Collection entries:

------------------------------

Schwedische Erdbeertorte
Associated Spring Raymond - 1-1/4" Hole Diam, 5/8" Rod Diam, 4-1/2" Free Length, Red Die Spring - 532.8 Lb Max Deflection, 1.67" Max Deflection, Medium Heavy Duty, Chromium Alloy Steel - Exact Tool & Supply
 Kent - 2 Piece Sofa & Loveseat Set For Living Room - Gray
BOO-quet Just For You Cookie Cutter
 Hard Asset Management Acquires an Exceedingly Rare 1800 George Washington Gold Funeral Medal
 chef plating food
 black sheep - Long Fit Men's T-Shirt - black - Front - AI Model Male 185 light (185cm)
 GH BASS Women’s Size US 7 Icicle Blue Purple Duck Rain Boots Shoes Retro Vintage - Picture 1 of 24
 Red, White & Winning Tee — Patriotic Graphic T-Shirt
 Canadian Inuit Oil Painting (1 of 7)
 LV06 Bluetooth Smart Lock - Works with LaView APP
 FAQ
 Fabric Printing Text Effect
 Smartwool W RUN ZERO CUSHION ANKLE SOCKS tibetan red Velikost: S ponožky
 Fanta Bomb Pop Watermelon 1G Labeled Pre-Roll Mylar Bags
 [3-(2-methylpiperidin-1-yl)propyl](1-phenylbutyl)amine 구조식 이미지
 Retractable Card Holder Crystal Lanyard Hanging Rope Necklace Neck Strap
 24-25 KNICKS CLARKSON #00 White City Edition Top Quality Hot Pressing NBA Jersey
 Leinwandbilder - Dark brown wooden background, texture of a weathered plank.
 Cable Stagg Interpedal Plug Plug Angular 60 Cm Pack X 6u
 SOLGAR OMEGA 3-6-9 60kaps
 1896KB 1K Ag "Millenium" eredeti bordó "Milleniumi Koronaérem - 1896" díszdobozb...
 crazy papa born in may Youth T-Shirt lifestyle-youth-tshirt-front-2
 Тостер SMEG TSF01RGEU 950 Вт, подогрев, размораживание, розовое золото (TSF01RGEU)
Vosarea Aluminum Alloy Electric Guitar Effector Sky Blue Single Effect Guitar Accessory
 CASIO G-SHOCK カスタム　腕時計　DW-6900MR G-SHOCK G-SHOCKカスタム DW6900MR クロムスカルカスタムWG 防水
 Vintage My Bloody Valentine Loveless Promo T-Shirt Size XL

------------------------------

# WHAT YOU SHOULD DO
Look above for the line holding "Hard Asset Management" and the line holding "24-25 KNICKS CLARKSON", then output exactly those two lines and every line between them, nothing more.

# RESULT OF THIS EXERCISE
 Hard Asset Management Acquires an Exceedingly Rare 1800 George Washington Gold Funeral Medal
 chef plating food
 black sheep - Long Fit Men's T-Shirt - black - Front - AI Model Male 185 light (185cm)
 GH BASS Women’s Size US 7 Icicle Blue Purple Duck Rain Boots Shoes Retro Vintage - Picture 1 of 24
 Red, White & Winning Tee — Patriotic Graphic T-Shirt
 Canadian Inuit Oil Painting (1 of 7)
 LV06 Bluetooth Smart Lock - Works with LaView APP
 FAQ
 Fabric Printing Text Effect
 Smartwool W RUN ZERO CUSHION ANKLE SOCKS tibetan red Velikost: S ponožky
 Fanta Bomb Pop Watermelon 1G Labeled Pre-Roll Mylar Bags
 [3-(2-methylpiperidin-1-yl)propyl](1-phenylbutyl)amine 구조식 이미지
 Retractable Card Holder Crystal Lanyard Hanging Rope Necklace Neck Strap
 24-25 KNICKS CLARKSON #00 White City Edition Top Quality Hot Pressing NBA Jersey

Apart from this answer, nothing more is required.